A certain amount of electrons escape the electron transfer chain, particularly at complex I and III sites, and produce the highly reactive superoxide anion via one electron reduction of molecular oxygen. In physiological conditions, this small amount of ROS contributes to normal cell signalling. Excessive amounts of mitochondrial ROS, produced via excessive NADH levels, low ATP production with high protonmotive force, or from other mitochondrial ROS sources, may overwhelm the powerful antioxidant systems present inside the matrix, such as manganese superoxide dismutase and glutathione peroxidase. Oxidative damage to mtDNA may subsequently result in mtDNA mutations, as well as autophagy and apoptosis.8 The free radical theory of ageing is based on strong evidence linking ageing with mitochondrial ROS production and accumulation of mtDNA. Mitochondrial ROS are produced in a controlled way through specialized enzymes, including p66Shc, a genetic determinant of life span in mammals.9 Mitochondrial p66Shc utilizes reducing equivalents of the mitochondrial electron transfer chain through the oxidation of cytochrome c to generate ROS and induces mitochondrial disruption.9

Mitochondria are also at the centre of the intrinsic apoptosis pathway induced by stimuli such as oxidative stress, DNA damage, ER stress, high calcium levels, or hypoxia. In this pathway, activation of pro-apoptotic Bax or Bak leads to OMM permeabilization and leakage of cytochrome c into the cytoplasm, a step considered to be ‘the point of no return’ of intrinsic apoptosis. Cytochrome c then binds apoptosis protease activating factor-1 (APAF-1) to form the apoptosome, structure that in turn activates caspase 9 in a cascade culminating in apoptosis.10

In addition to these functions, and important for vascular biology, mitochondria contribute to the maintenance of calcium homeostasis. Mitochondria and the ER physically associate in the so-called mitochondria-associated ER membrane (MAM), specialized domains that allow not only for transport of calcium, but also for cholesterol, ceramide, and phospholipids transfer.11 The latter is important for the frequent dynamic changes in mitochondria morphology resulting from constant fusion and fission. Rapid mitochondrial uptake of calcium is made possible in MAMs by voltage-dependent anion channels in the OMM and by the mitochondrial calcium uniporter in the IMM. Additional regulation of mitochondrial calcium levels is provided on the ER side of MAMs by IP3R and SERCA, as well as by calcium efflux via Na+/Ca2+ transporters in the IMM and the permeability transition pore in the OMM.12

Finally, mitochondria have been recently implicated in the regulation of danger signalling and immune system activation. The details of this novel role of mitochondria are provided below.

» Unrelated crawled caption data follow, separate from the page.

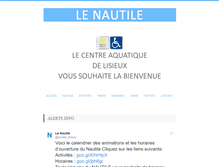 Tablet Screenshot of lenautile.com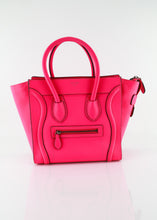 Load image into Gallery viewer, Celine Mini Luggage Fluo Pink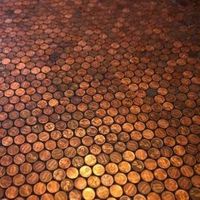 Cheap Flooring Ideas - DIY Penny Floor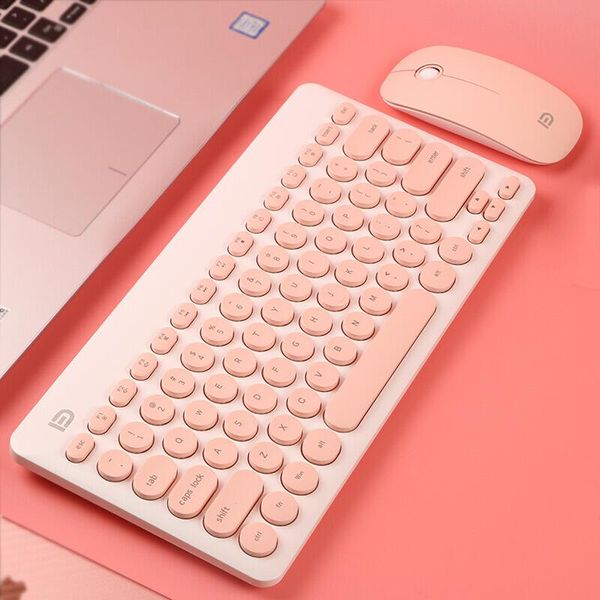 fuld wireless keyboard and mouse set office business lapdeskpc girl's cute mouse and keyboard thin mute
fuld wireless keyboard and mouse set office business lapdeskpc girl's cute mouse and keyboard thin mute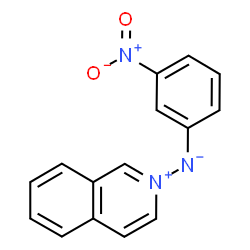 N-(3-Nitrophenyl)isoquinolin-2-ium-2-amine anion结构式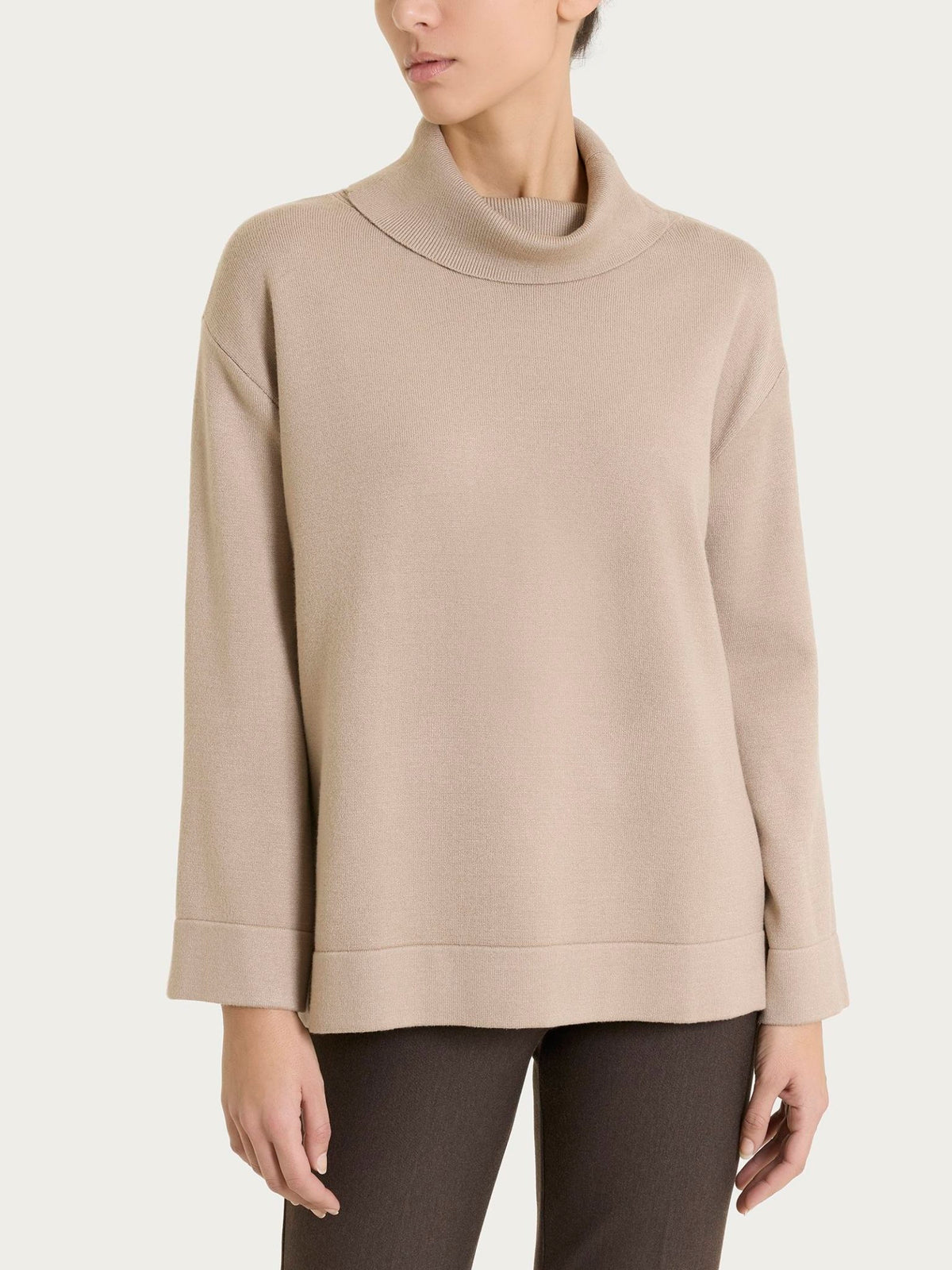 Ragno - Maglia con collo a ciambella in NaturalSoft - Donna - World Fashion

Immune system activation by mitochondria damage-associated molecular patterns

Immune defence involves two components: the innate immune system and the adaptive immune system. The innate immune system is the body's early warning system that rapidly detects and reacts to potentially dangerous antigens. This subsequently allows time for the adaptive immune system to mount an antigen-specific response.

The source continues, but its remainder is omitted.